─── Provided data ───

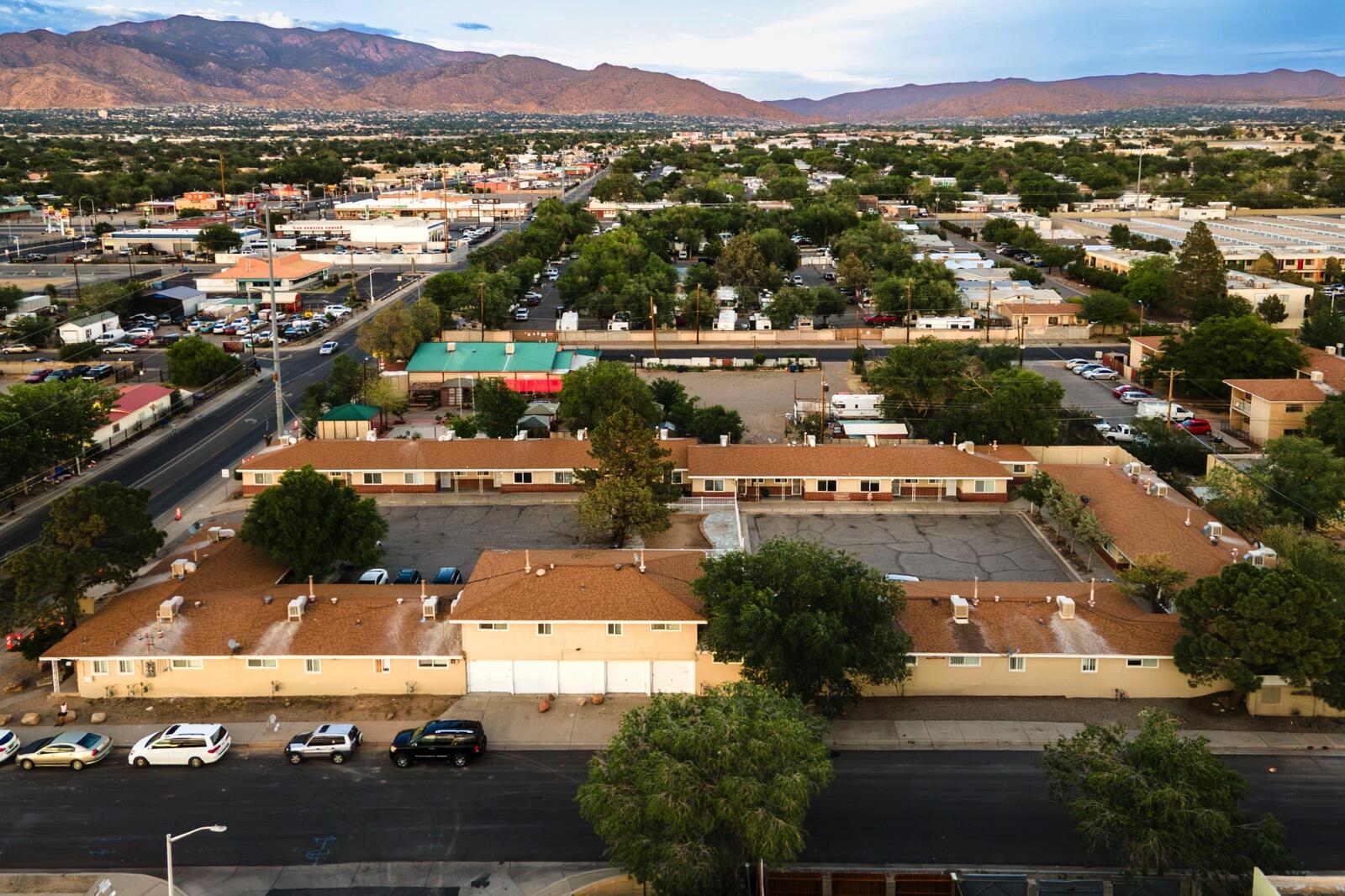 Photo 17 — 8600 Zuni Road SE
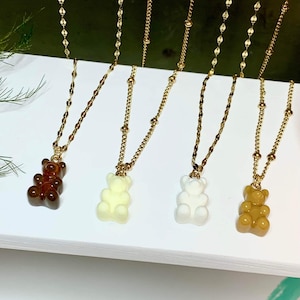 Gummy bear necklace Chloe’s cookie & cream collection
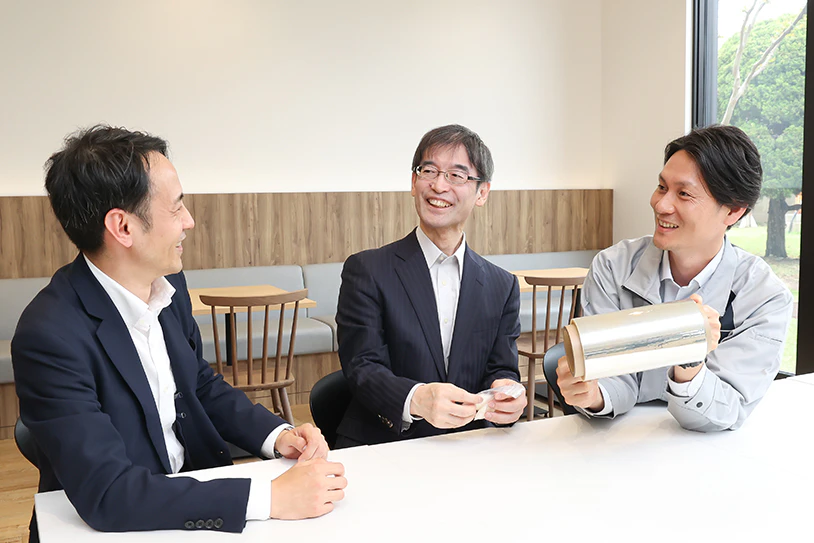 加田さん、吉野さん、清水さんの写真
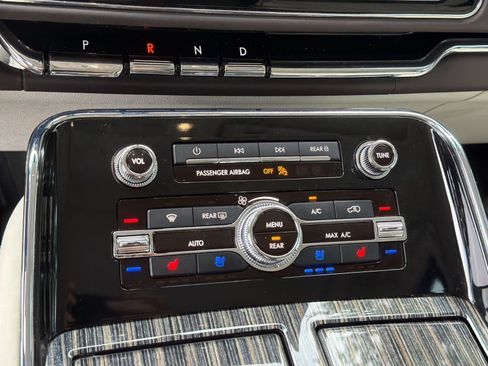 Used 2024 Lincoln Navigator L Black Label AWD/4WD image 17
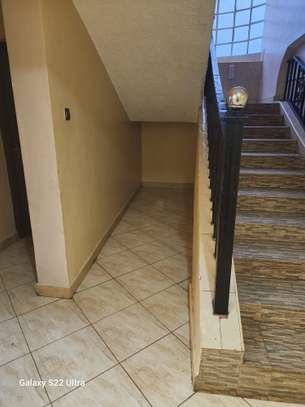 4 Bed House with En Suite at Safari Park View image 10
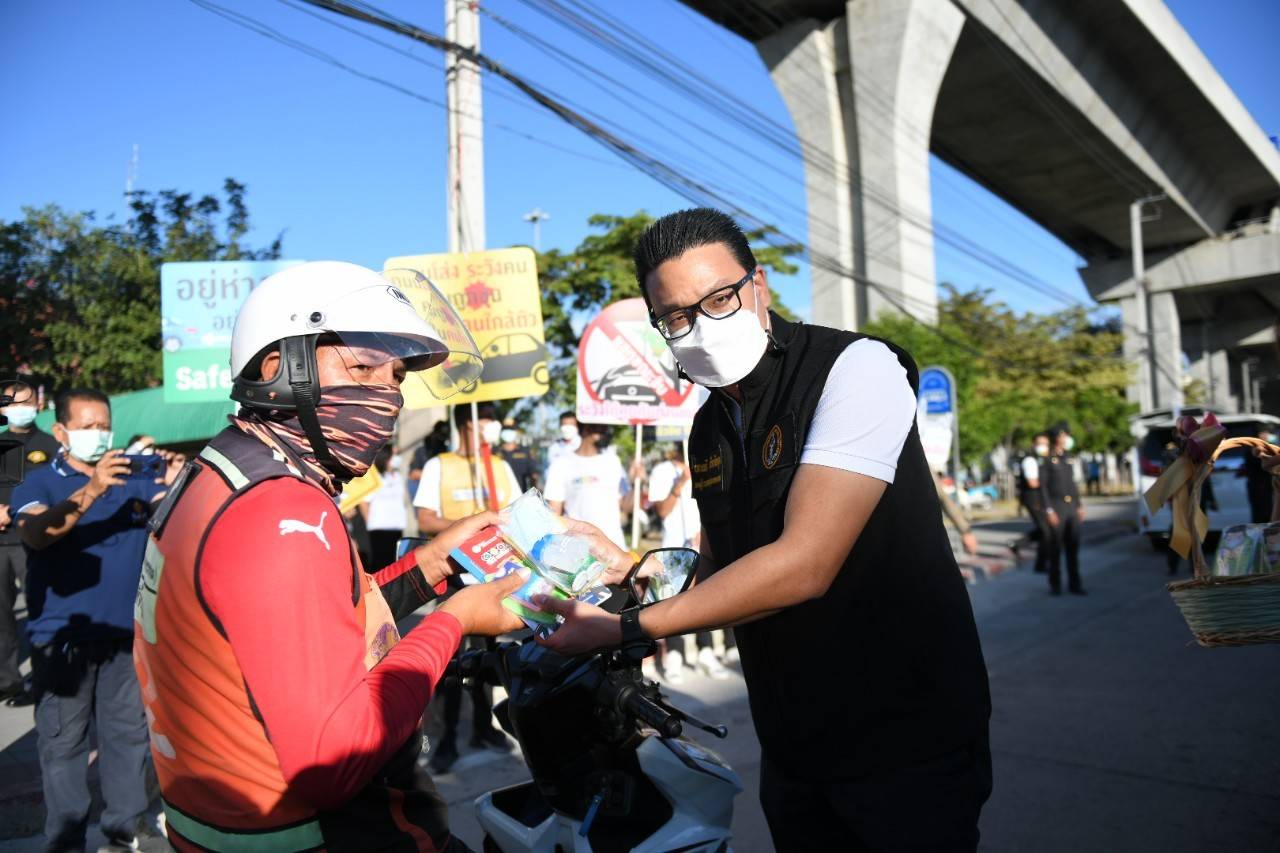 กทม.ร่วมภาคี รณรงค์ลดอุบัติเหตุปีใหม่ “ดื่มไม่ขับ” เน้นป้องปรามก่อนเกิดเหตุ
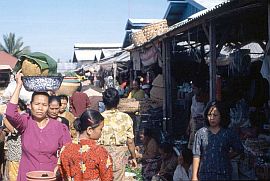 Auf dem Markt in Tanjung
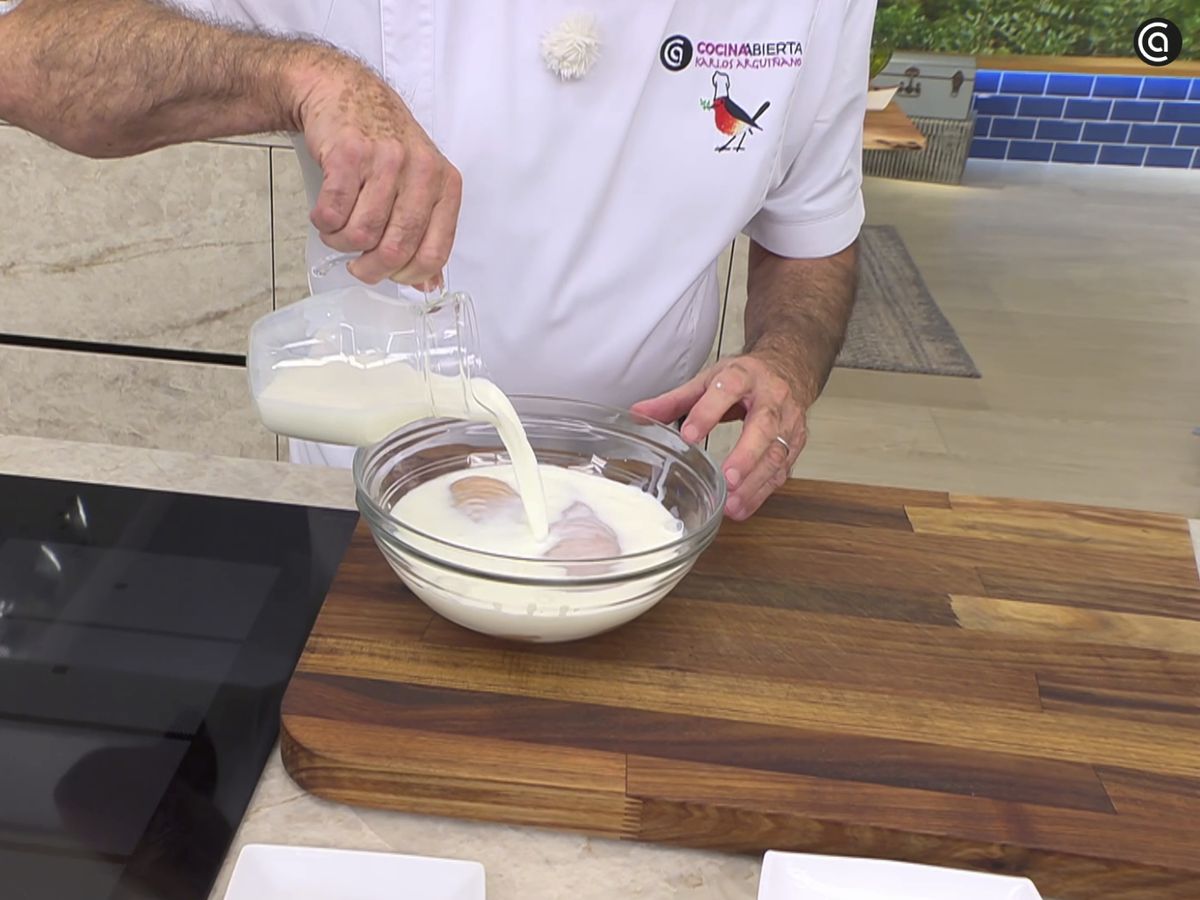 Cubre las pechugas por completo con la leche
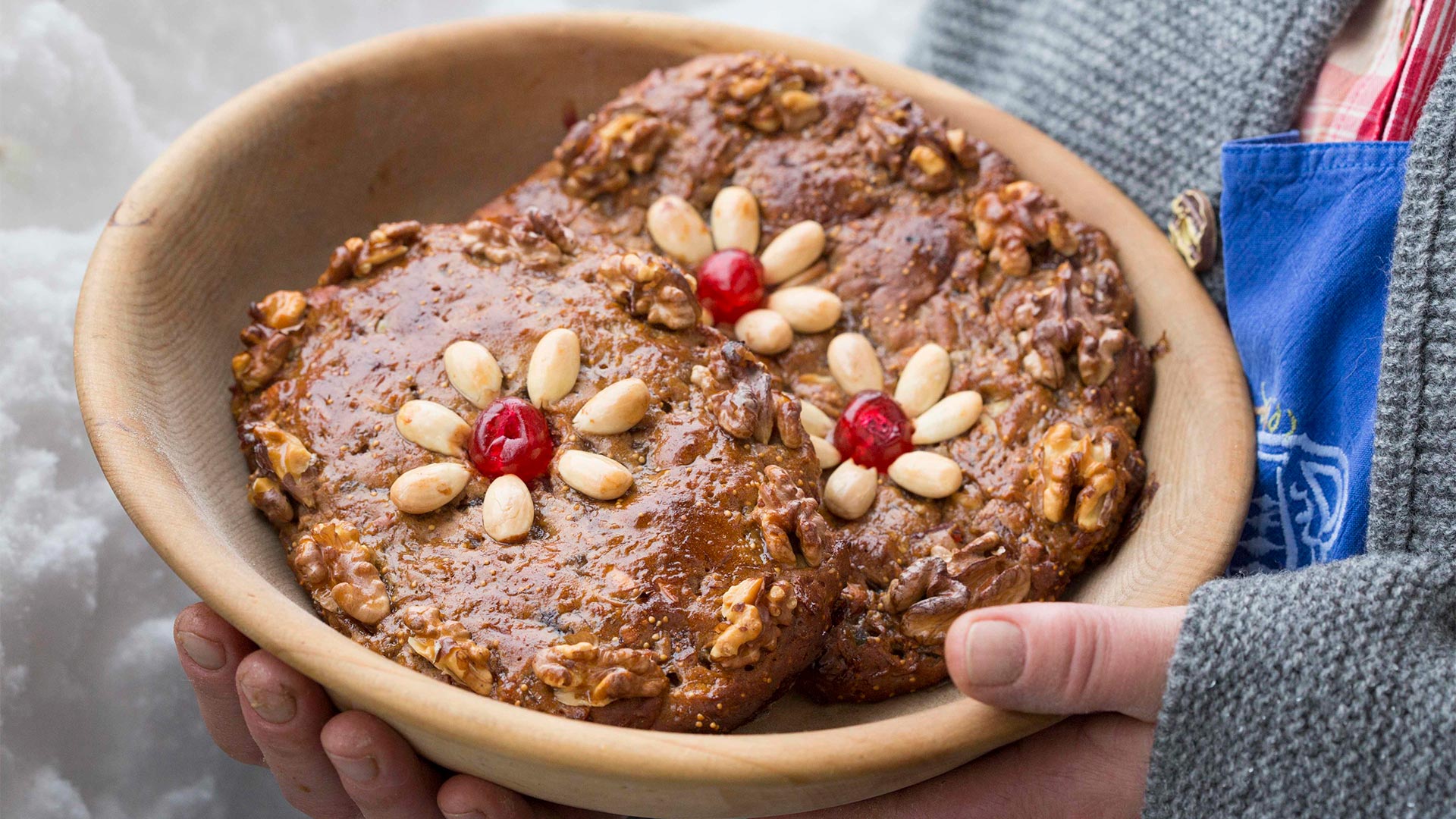 Eine Kellnerin serviert gerade ein Dessert nach einem traditionellen Tiroler Rezept. 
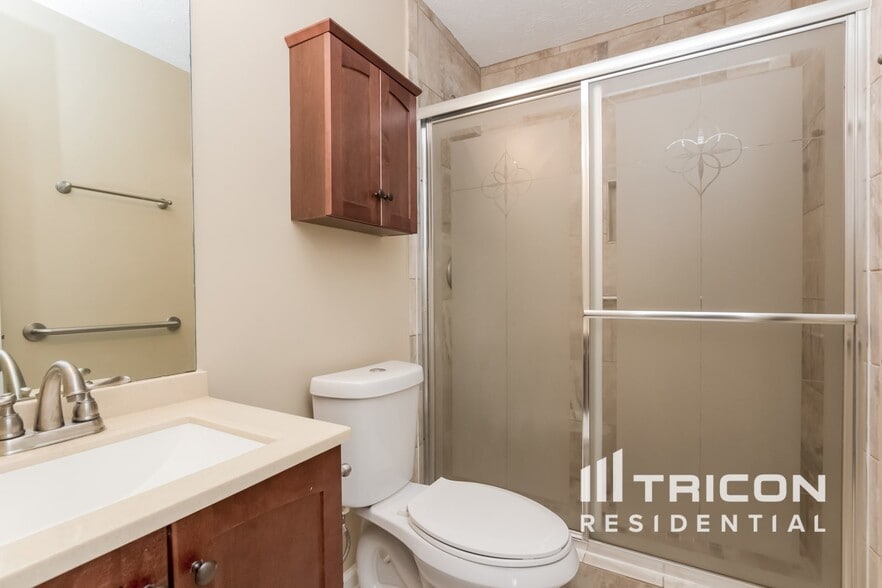 Building Photo - 720 Cayla Ann Ct
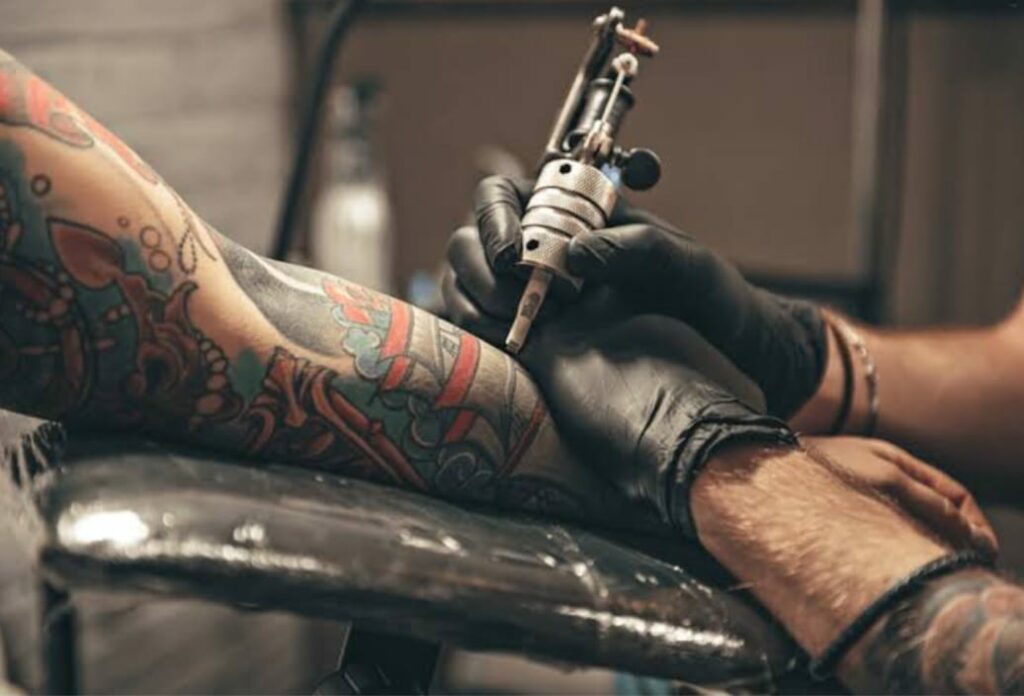 Estudo sugere relação entre tatuagem e linfoma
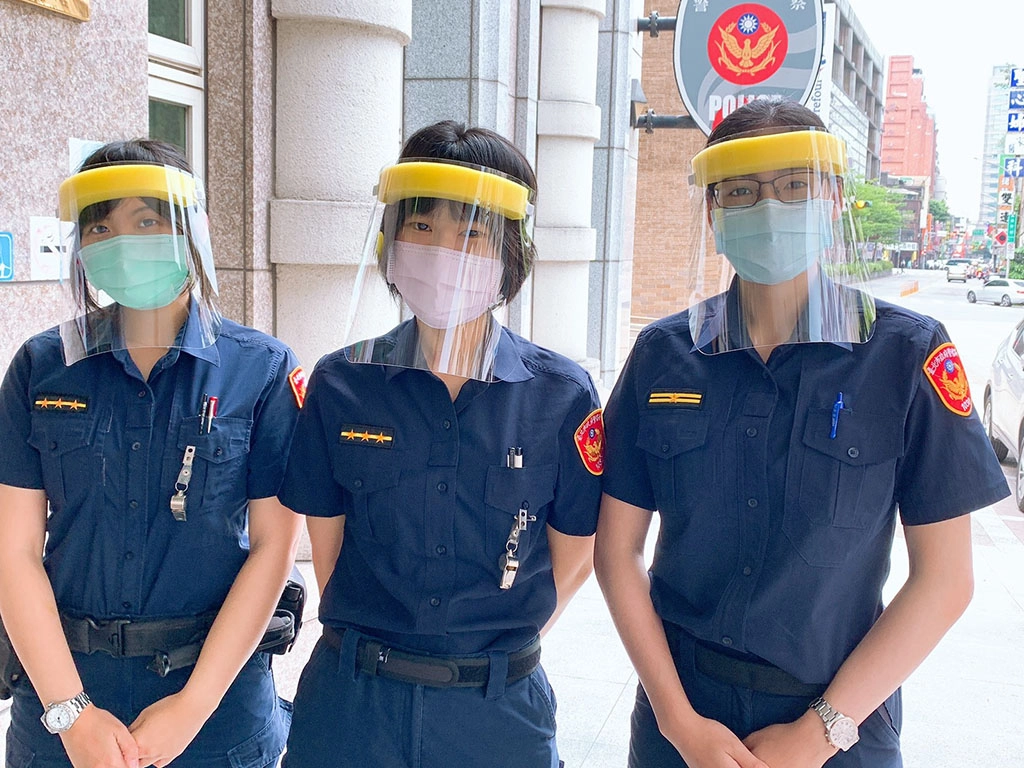 雙北警消在新冠疫情最為嚴重執勤壓力時,在第一時間就收到強化防護作用的防護罩。
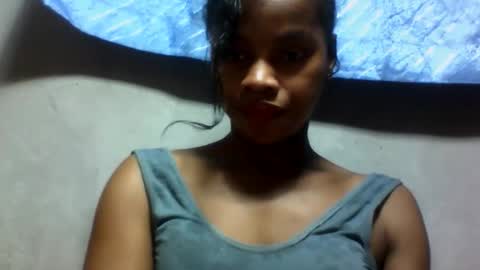 elodie228680 online show from June 3, 7:11 am
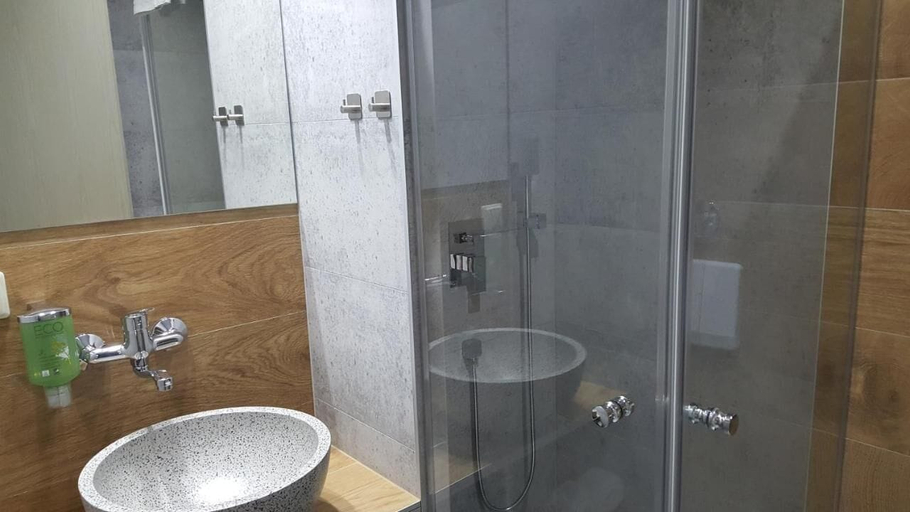 Bathroom 3, Hotel Kreuzbergbaude, Görlitz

───

Directions -
Reproduce, word for word, every line from the start of the records down to and including the line with "Estudo sugere relação"; skip the pictures.

Result of the exercise -
 Photo 17 — 8600 Zuni Road SE
 Gummy bear necklace Chloe’s cookie & cream collection
 加田さん、吉野さん、清水さんの写真
 Used 2024 Lincoln Navigator L Black Label AWD/4WD image 17
 4 Bed House with En Suite at Safari Park View image 10
 กทม.ร่วมภาคี รณรงค์ลดอุบัติเหตุปีใหม่ “ดื่มไม่ขับ” เน้นป้องปรามก่อนเกิดเหตุ
 Auf dem Markt in Tanjung
 Cubre las pechugas por completo con la leche
 Eine Kellnerin serviert gerade ein Dessert nach einem traditionellen Tiroler Rezept. 
 Building Photo - 720 Cayla Ann Ct
 Estudo sugere relação entre tatuagem e linfoma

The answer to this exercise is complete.